───── DATA TO USE
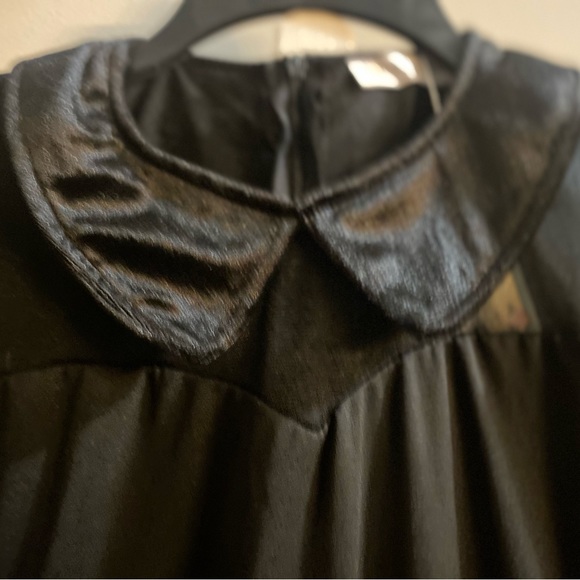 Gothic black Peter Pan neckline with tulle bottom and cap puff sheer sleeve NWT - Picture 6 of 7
──────────
───── DATA TO USE
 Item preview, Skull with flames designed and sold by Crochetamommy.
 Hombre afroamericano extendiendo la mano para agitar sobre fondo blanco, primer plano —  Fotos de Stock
──────────
───── DATA TO USE
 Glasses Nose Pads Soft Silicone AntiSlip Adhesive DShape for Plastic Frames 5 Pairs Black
──────────
**TASK DIRECTIONS**
From the material above, set down exactly the lines between the line holding "Item preview, Skull" and the line holding "Hombre afroamericano extendiendo", inclusive. Include nothing else.

**YOUR SOLUTION**
 Item preview, Skull with flames designed and sold by Crochetamommy.
 Hombre afroamericano extendiendo la mano para agitar sobre fondo blanco, primer plano —  Fotos de Stock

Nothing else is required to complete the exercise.